I needed to clearly determine what was the priority here.
Cultivation? That was a long process. I couldn't reach the Fourth Stage in a matter of days, or even months. Of course, that would've made eliminating me a much harder task.
But reaching the Fourth Stage without techniques? That was hardly ideal.
Just as techniques without a breakthrough weren't enough, either.
I needed to expand my arsenal, and to some extent, I had. I'd learned two new techniques, though their usefulness in actual combat was... questionable.
What I needed was an ultimate, or at the very least, a new major move like the Hook. Really, not knowing your ultimate at the First Stage was perfectly normal. But at the Second? It was starting to look odd.
Still, learning a new technique from scratch took time. Especially given how much of mine was being eaten up by work in the Air Garden.
Buying that technique for dust had been a huge mistake!
And yet, the demons were without a doubt the main threat. I'd begun to feel, deep down, that I'd already had more than enough calm, and that soon, there'd be another stab in the back.
The demon issue had to be dealt with — the sooner, the better.
I couldn't just go beat them up. I didn't even know whose faces I was supposed to smash, apart from the one Novak had named. But I could play my part in the process.
I invited myself over for tea with the Great One and laid out my reasoning.
Though he was grooming me to be a fighter, I told him I was refusing to enter any tournaments until this whole business was finished. Besides feeling that the demons were about to act, I remembered Novak saying his team had already reached the point where any false step from the suspects would force them to make a move.
The final battle was drawing near, and I had a strong sense that I wouldn't be able to avoid it. So I'd rather go in like a worn-out cat than a powerful but cornered mouse.
Novak gave me the go-ahead, so I devoted all my time to controlling the beetle.
Being able to perform techniques and control the drone — that was manageable. But taking hits without mixing up the streams of consciousness? That was an entirely different challenge. Pain threw everything into disarray, and I had to endure plenty of it before Artem finally said I was ready.
There was something curious about pain. I'd learned to lock it into one stream of consciousness, isolating it from the other. It worked better than a painkiller, but doing so meant I lost control of the beetle.
Still, that pain, and the training, helped me make up my mind about the final formation to add to my armour.
No, not a pain-dampening one.
Alan etched in a regeneration formation for me.
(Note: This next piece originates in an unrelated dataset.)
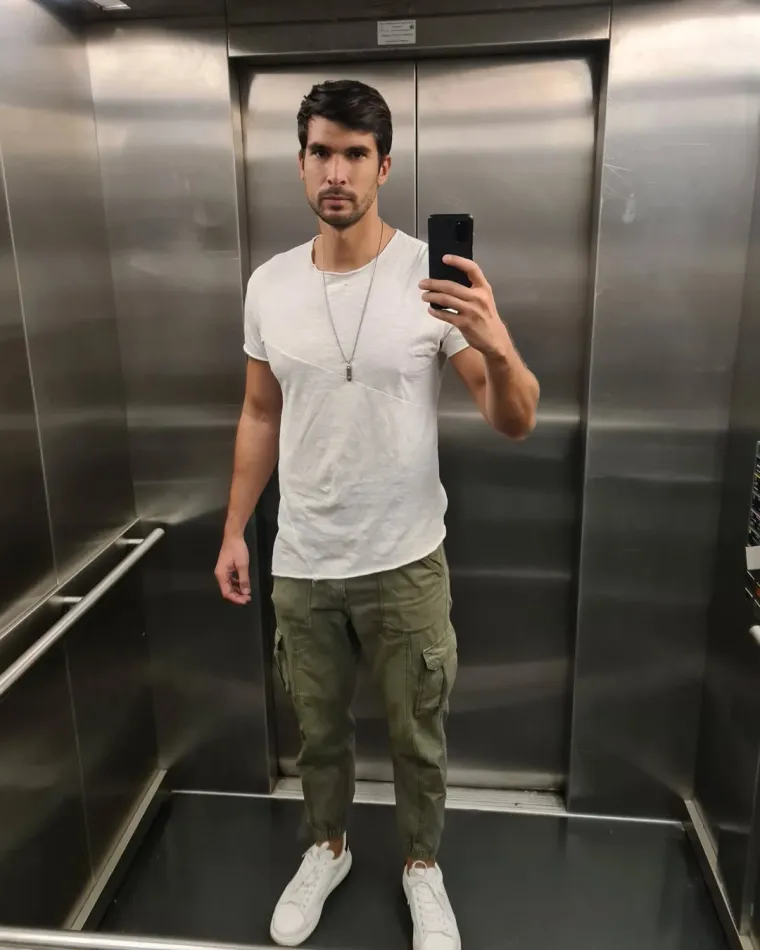 Milo&scaron; Mićović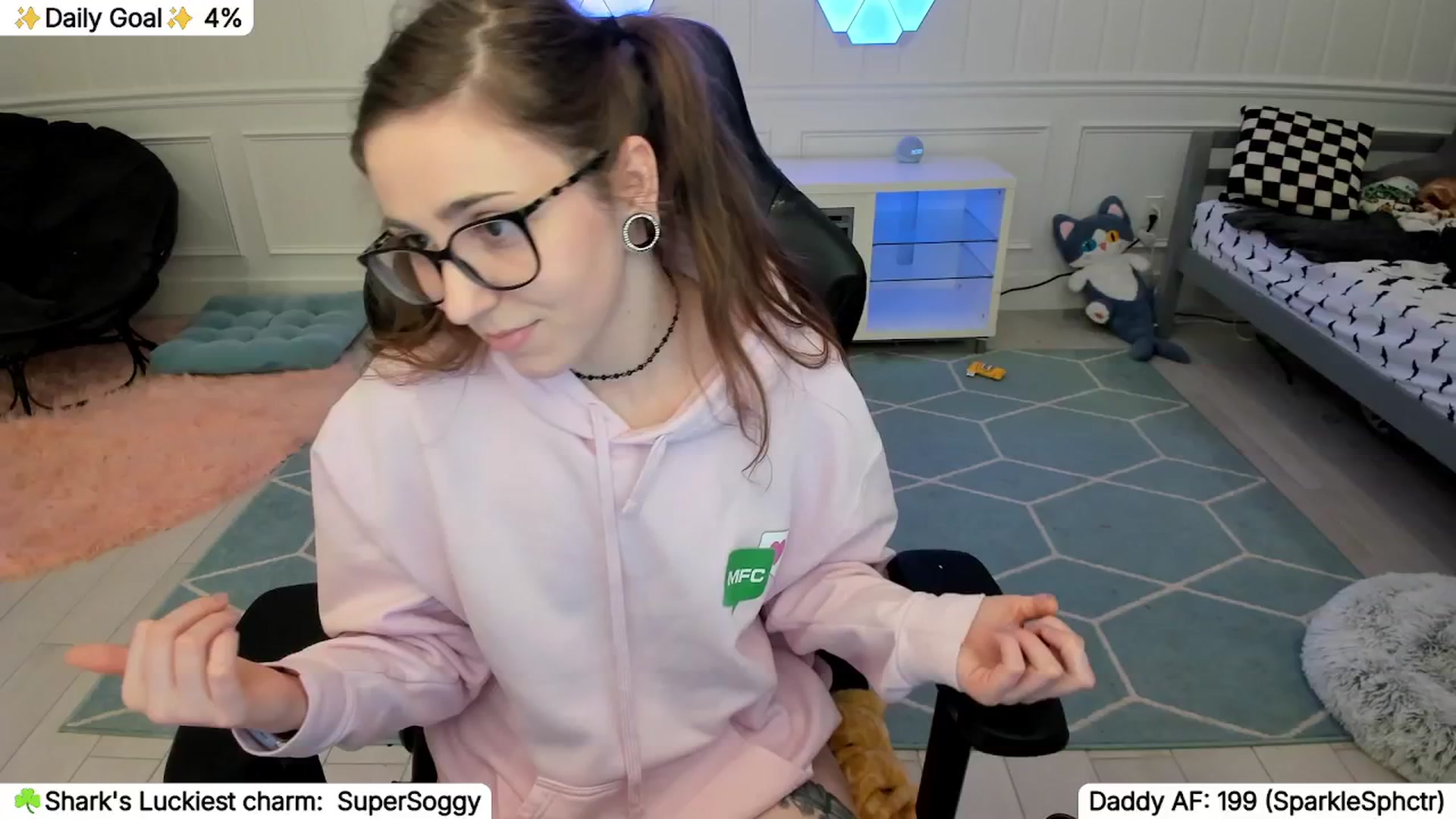 Gallery image thumbnail from TheSharkQueen's myfreecams stream on, 03/28/2026, 06:32 image 5 of 20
After that, Artem took my armour from storage and modified it, adding two hidden compartments for beetles on the belt.
I tested it out in the training hall, then invited myself along to the farm with Denis and Bao.
I'd bet anything they assumed I was just bored and looking for something to do, but they didn't say a word.
By the way, both of them had broken through.
Bao was the first of the two — the crystals he'd stashed in his locker until the very end had helped. But he was still only 743rd in the overall ranking. That left him 243 places behind the relatively 'safe' 500-mark. Denis was 781st, even further behind.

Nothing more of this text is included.